2. **Uncompetitive standalone** — 5th of 6 on OOD prompt recall, worst on OOD over-refusal.
3. **Character-level fragility** — requires the dual-mode text-normalization preprocessor.
4. **The hard dual-use tail is not covered** — ambiguous dual-use bio has no labeled harmful
   examples in any public source, so it is absent from training and evaluation.

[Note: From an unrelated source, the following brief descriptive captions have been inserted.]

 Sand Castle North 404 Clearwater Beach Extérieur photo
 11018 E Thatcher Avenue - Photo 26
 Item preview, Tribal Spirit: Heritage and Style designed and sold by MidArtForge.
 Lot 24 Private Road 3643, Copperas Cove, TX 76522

5. **Single checkpoint, single seed.** No variance estimate.

## Dual-mode use
This head is one half of the dual-mode system. The deployable value is the **AND** policy
(prompt head ∧ response head) on expert legit-bio traffic; the response head is the workhorse for
general response-harm screening. See the dual-mode card on the
[response head](https://hf.co/jang1563/constitutional-bioguard-response) and the repository docs
(`DUAL_MODE_GUARD_ARTIFACT.md`, `dual_mode_guard.py`).

## Responsible release
Released as a **research artifact and methodology case study**, not a recommended production guard.

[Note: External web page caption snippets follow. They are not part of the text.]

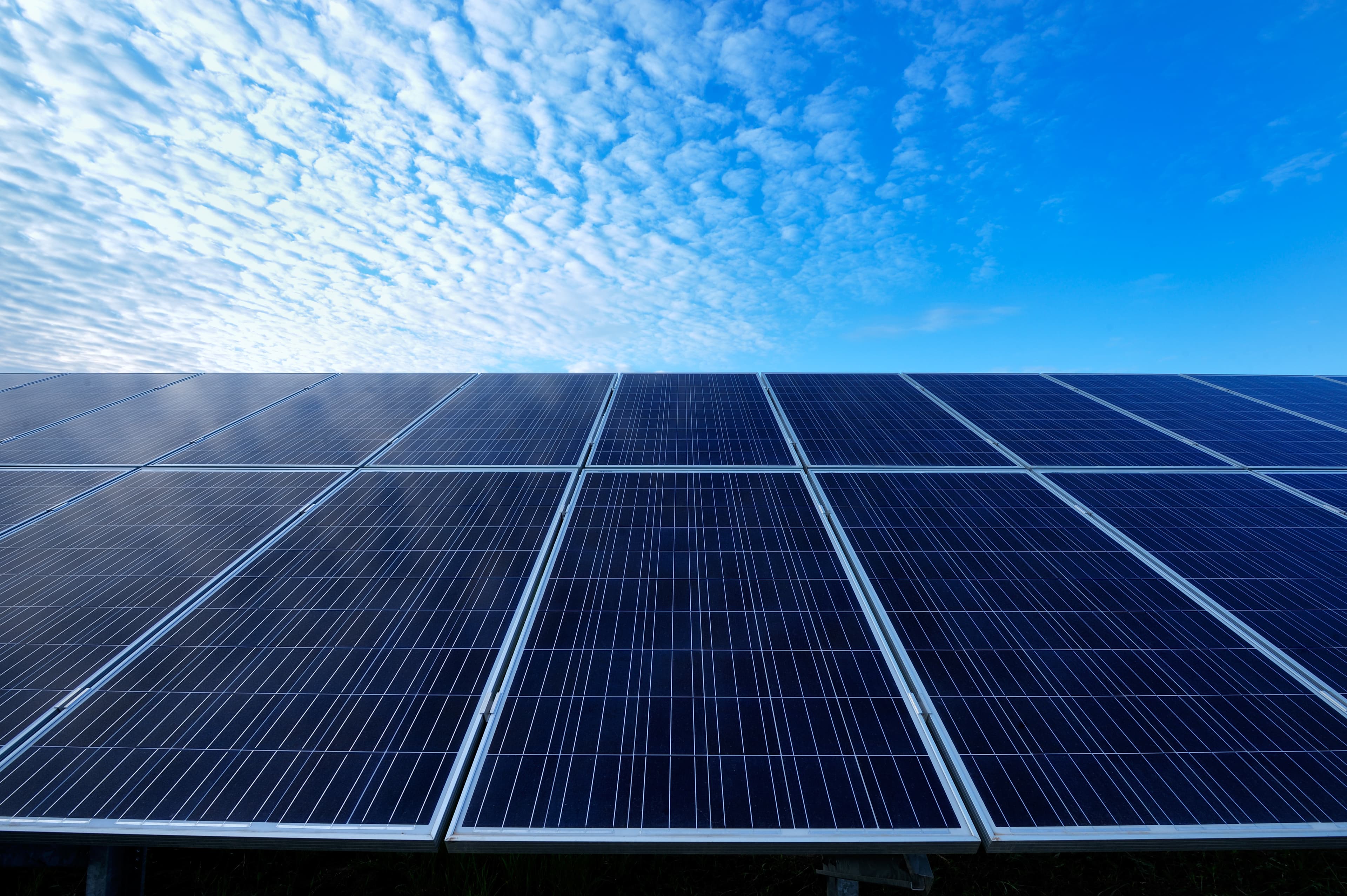 Instalare Panouri Fotovoltaice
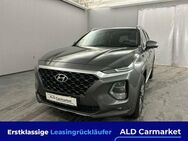 Hyundai Santa Fe 2.2 CRDi 4WD Automatik SEVEN Premium Geschlossen, 5-türig, Automatik, 8-Gang - Bad Fallingbostel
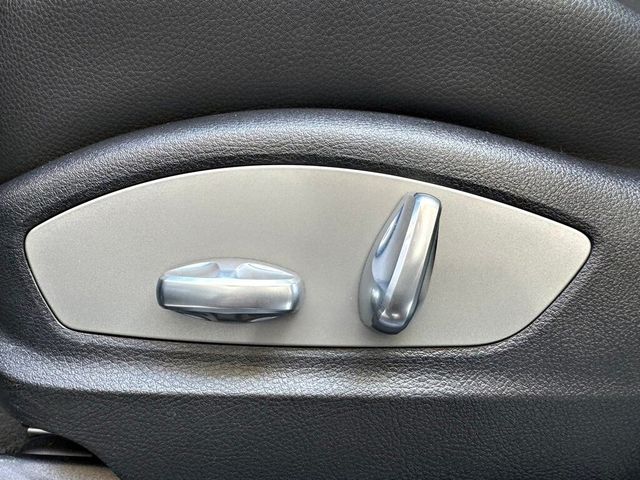 PORSCHE保時捷 MACAN  第7張相片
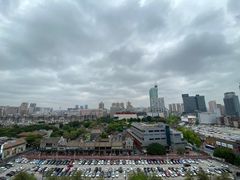 -佛山岭南天地康得思酒店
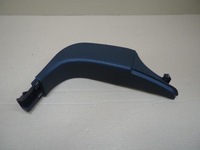 фото thumb №1, Пластик корпус защита порога правые перед citroen c4 picasso ii 9677703077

The release surface is weights, evaluation code, and documentation; no harmful training examples or
generated harmful content are included. This is defensive biosafety research — the aim is to reduce
over-refusal of legitimate research while catching genuinely harmful requests. Anyone deploying it
should re-validate on their own traffic, keep text normalization on, add adversarial/multi-turn
testing, and keep a human in the loop.

## Citation
Part of the constitutional-bioguard line (prompt head + response head, dual-mode). See
`docs/STEP1_DISTILL_PILOT_2026-06-03.md`, `docs/STEP2_DUALMODE_2026-06-03.md`, and
`INTEGRITY_REVIEW_2026-06-04.md` for design, distillation, gates, and the full result trail.